We are fraternal twins, the farthest thing from identical. Different looks, varied interests, opposite personalities. I guess I’ve always had the shortest fuse. Definitely more competitive — losing did not come easy to me, nor did being second. I was born second. Well at least second after my twin sister. My entire life I’ve been reminded by her that she’s the older one — all of 9 minutes! We also had an older brother who was mostly in his own world, although he did occasionally pop in, just long enough to antagonize, to push my buttons, to be the tie breaker between me and my sister — with me on the losing end. For some reason, that’s the way it always was — it was me against them. Maybe they liked the reaction they got from me — it must have been entertaining to them. Maybe they wanted to see how far they could push me before I’d do something bad enough so they could run and tattle to mama — that must have been it.
It’s not that I was a bad kid. It’s not that I was mean. I was just easily triggered. And that summer morning as we were preparing for our day, my trigger was pulled. What kind of trigger could possibly set off a 4-year-old? Could have been anything. Maybe my sister ate the last of the Fruit Loops cereal or took one of my favorite dolls? Worse yet! Maybe she flounced around in front of mama and received praise for being such a “good girl” for doing something “cute,” and the mere fact that it wasn’t me receiving the attention made me mad. Being a twin can be tough… all about competition sometimes.

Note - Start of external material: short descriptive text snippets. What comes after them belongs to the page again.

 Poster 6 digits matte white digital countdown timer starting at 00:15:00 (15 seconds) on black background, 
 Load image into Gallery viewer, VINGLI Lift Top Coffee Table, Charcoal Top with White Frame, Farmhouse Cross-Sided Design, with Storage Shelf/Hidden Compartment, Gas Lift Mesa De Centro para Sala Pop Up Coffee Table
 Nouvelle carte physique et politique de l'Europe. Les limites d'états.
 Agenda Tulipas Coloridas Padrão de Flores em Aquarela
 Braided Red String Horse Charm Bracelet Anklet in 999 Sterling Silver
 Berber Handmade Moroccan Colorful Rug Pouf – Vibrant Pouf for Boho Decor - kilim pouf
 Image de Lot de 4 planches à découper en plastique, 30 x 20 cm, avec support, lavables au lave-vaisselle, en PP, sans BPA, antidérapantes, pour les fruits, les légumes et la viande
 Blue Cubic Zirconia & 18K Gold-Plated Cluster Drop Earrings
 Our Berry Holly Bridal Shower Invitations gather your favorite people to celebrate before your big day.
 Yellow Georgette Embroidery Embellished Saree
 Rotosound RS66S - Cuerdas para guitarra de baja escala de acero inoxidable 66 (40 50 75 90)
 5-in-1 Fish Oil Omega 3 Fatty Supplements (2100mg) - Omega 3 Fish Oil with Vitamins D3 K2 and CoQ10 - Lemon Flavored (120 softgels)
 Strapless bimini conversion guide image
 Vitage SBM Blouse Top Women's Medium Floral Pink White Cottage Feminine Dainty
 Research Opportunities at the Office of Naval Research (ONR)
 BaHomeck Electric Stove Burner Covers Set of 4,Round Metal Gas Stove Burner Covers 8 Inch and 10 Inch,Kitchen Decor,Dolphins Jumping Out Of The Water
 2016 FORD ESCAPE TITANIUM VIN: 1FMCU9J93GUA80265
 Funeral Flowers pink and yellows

Well, I don’t remember much, but I do remember mama was in a hurry, snapping out the orders as mothers do. She said we needed to change into something clean because we had “somewhere to be.” I remember being in our tiny bedroom, unmade beds, my sister and her messy, long, tangled hair. I’m sure mine was just perfect — or for the sake of my memory, I’ll choose to believe that. I remember my sister and brother giggling in unison as they often did, though I don’t know why — I just know it had something to do with me. In my mind, they were laughing at me. I remember my 4-year-old blood boiling.
My sister was changing clothes and had her shirt off, with her back facing my direction. Where it came from, I don’t know, because there was no baby living in our home, but I spotted a large baby diaper pin, opened it, and lobbed it at her back — and it stuck! My sister screamed! Ashamedly, I recall that I felt a little good about it — for about half a second that is… until mama came in, plucked the safety pin out of her back and looked in my direction with that dreadful look in her eyes. At that moment, mama’s glare was like safety pins poking my eyes out.
Funny in life how the really bad things we go through eventually have a way of erasing from our memories. I think it’s a protection mechanism of some kind…? I don’t know, but I have no recollection of what happened to me as a result of my mischief that day. I imagine it was a big, well-deserved spanking. Good thing my mama didn’t do the “time out” thing back then or I’m sure I’d still be sitting there today.
This is one of my earliest memories. Unfortunately, my sister still remembers it too. Wish she would have erased this one! The good news is, my sister forgave me, mama still loves me, I survived brother’s years of picking on me, and diapers now have Velcro tabs. Not to worry though, I’ve matured through the years and would never throw a diaper pin in anyone’s back again. Ouch! Sorry sis!